Le style des Mémoires historiques se caractérise par la simplicité fonctionnelle, celui du fu (fou) par son ornementation gratuite. Héritier des Élégies de Chu, le fu des Han, sorte de poème en prose, est l’exercice favori des poètes de la Cour. À cette époque où l’on appréciait les discours ornés plus que les raisonnements simples, l’éloquence brillante plus que la vérité crue, le fu, réplique littéraire de ce vertige oratoire, connaît une vogue extraordinaire. Le maître du genre, Sima Xiangru (Sseu-ma Siang-jou, 179 av. J.-C. - 117 av. J.-C.), décrit dans deux pièces célèbres les chasses impériales : la profusion du vocabulaire descriptif, l’abondance des caractères rares sont typiques de ce genre où l’on se complaît à énumérer les richesses de la nature et de la civilisation. Ban Gu (Pan Kou, † 92 apr. J.-C.), qui décrit les deux capitales impériales dans cette même manière fleurie, est surtout connu pour son Histoire des Han antérieurs (Qian Hanshu [Ts’ien-Han-chou]), première des histoires dynastiques. Il y reprend avec talent les théories, les méthodes et même le style de Sima Qian (Sseu-ma Ts’ien).

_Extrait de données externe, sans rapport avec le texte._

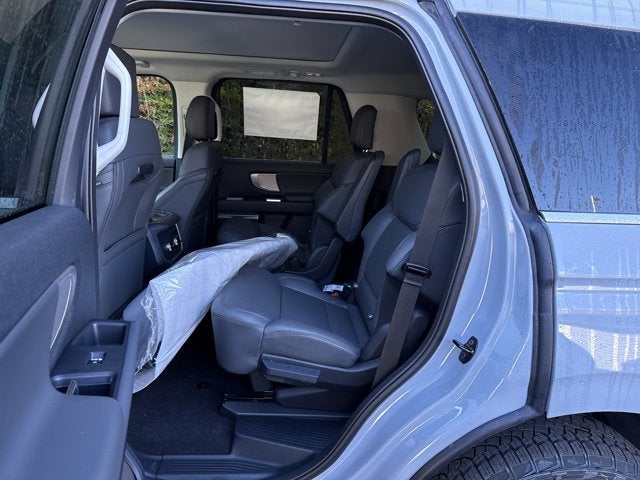 2025 Ford Expedition ACTIVE 4X4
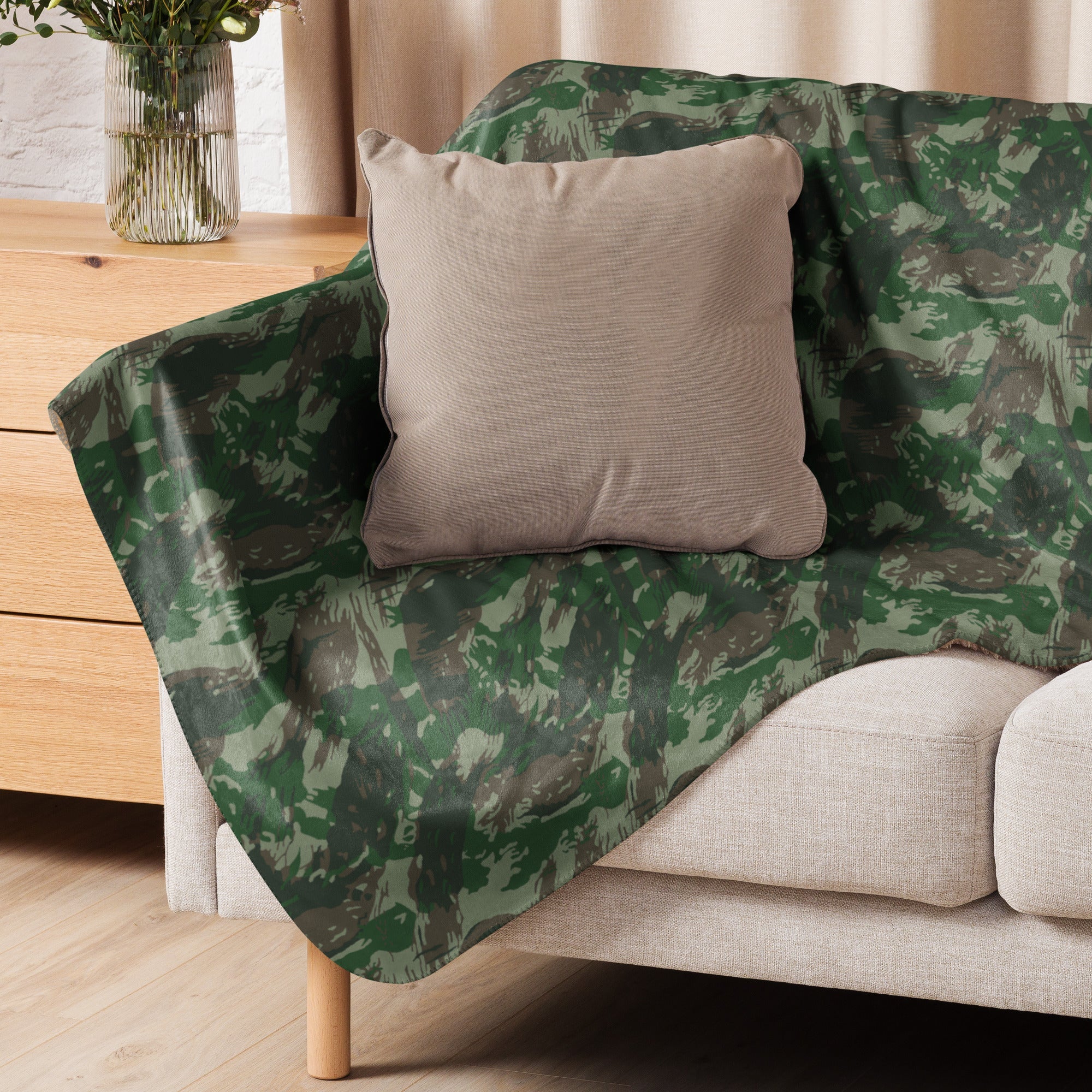 Brazilian Lizard CAMO Sherpa Blanket - Image 9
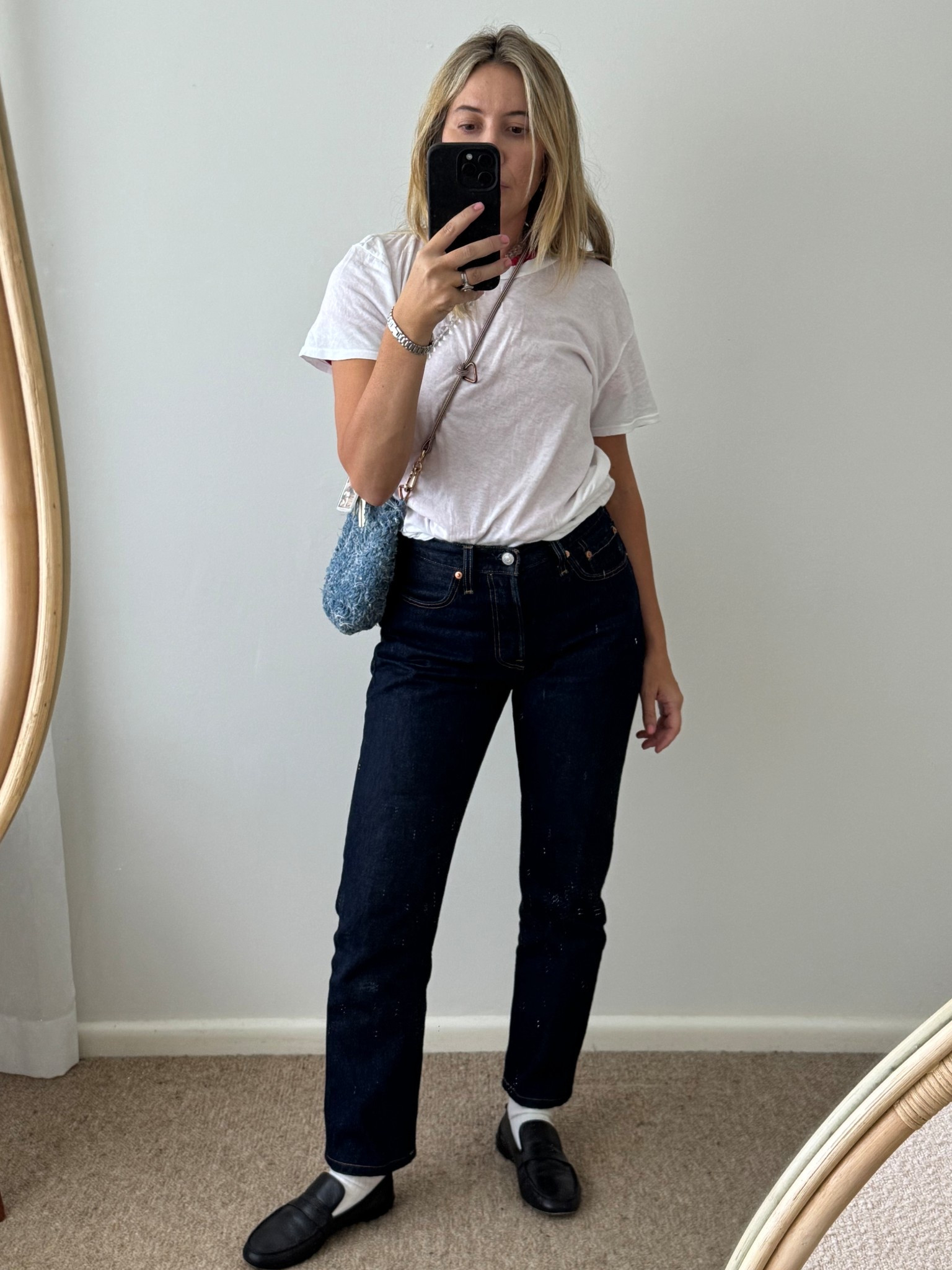 T-shirt layering.

#LTKaustralia #LTKstyletip #LTKautumn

Dès la fin des Han, on assiste à un grand renouveau du taoïsme, et, peu après, l’introduction du bouddhisme apporte de nouveaux thèmes de réflexion et de nouvelles formes littéraires. S’échappant du carcan moralisateur des théories confucianistes, les lettrés élaborent une prose très recherchée et sophistiquée, qui emprunte certaines caractéristiques à la poésie et au fu. Appelée prose parallèle (pianwen [p’ien-wen]), elle utilise toutes les ressources du parallélisme des phrases auquel se prête si bien la langue chinoise. Mais, par son raffinement même, elle tombe aisément dans l’artificiel et le pédantisme. Seuls quelques rares écrivains sauront éviter ces écueils.

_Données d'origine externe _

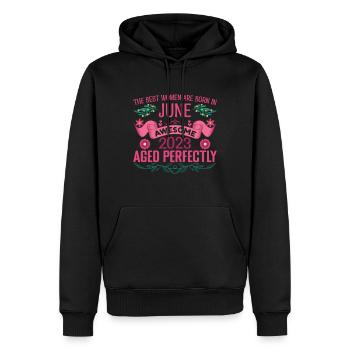 Juin 2023 anniversaire femme Juin 2023 - Sweat à capuche Premium bio Homme - noir - Devant - Nico (187cm)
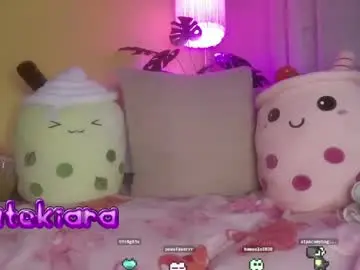 Chaturbate Live Sex Cam of datekiara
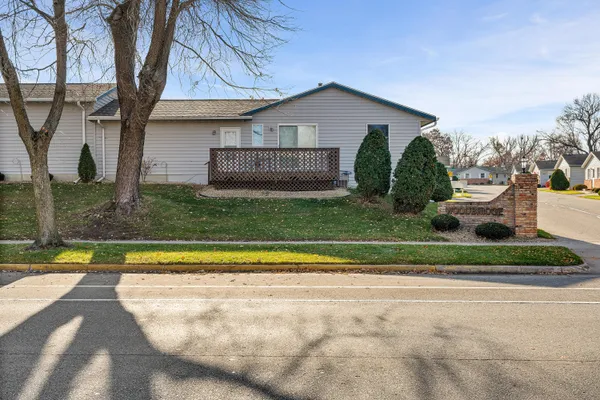 $239,900 | 3447 Linbridge Court, La Crosse, WI 54601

Il n’est pas surprenant que cette époque troublée, propice à la réflexion, voie apparaître les premiers traités de critique littéraire. Les lettrés, qui ont pris conscience de ce que la littérature est non seulement un moyen d’éducation, mais aussi un art, cherchent à en définir les critères. Le Dragon gravé au cœur de la littérature (Wenxin diaolong [Wen-sin-tiao-long]) de Liu Xie (Lieou Hie, vie s.), rédigé dans une prose parallèle obscure par excès de concision et de symbolisme, décrit en cinquante chapitres l’origine des diverses formes littéraires et les fondements psychologiques de l’inspiration. L’Anthologie de la littérature (Wenxuan [Wen-siuan]) de Xiao Tong (Siao T’ong, ve s.) présente sous trois rubriques (fu, poésie et prose) les chefs-d’œuvre du passé et ceux du présent, à l’exclusion des classiques et des ouvrages philosophiques. Cette sélection a été pendant des siècles le livre de chevet du Chinois cultivé.

Pendant plusieurs siècles, la prose parallèle continue à être utilisée dans les écrits en prose, les documents officiels et les dissertations d’examens. Après la rébellion d’An Lushan (Ngan Lou-chan), qui, au milieu du viiie s., bouleverse la dynastie Tang (T’ang), une réaction contre les théories de l’art pour l’art commence à se faire jour. La tradition confucéenne de la littérature engagée relève la tête et Han Yu (768-824) fonde le Mouvement de la prose antique (guwen [kou-wen]). Pour lui, ce n’est qu’un des aspects d’une réforme profonde qui vise à régénérer le confucianisme ; pour les autres, c’est un nouveau moyen d’expression, plus propice aux longues narrations et plus vivant que la prose parallèle. Le nom de ce mouvement, Prose antique, n’implique pas la servilité à l’égard de la littérature ancienne (littérature Han essentiellement), mais simplement qu’on la prenne pour modèle, tant pour la forme que pour le fond. Cette libération du style permet le bref essor de la littérature romanesque classique et voit aussi celui des essais. Dans ce genre où il s’impose par la belle ordonnance de ses phrases et la rigueur de son style, Han Yu cherche à restaurer les hautes vertus de l’éthique confucéenne.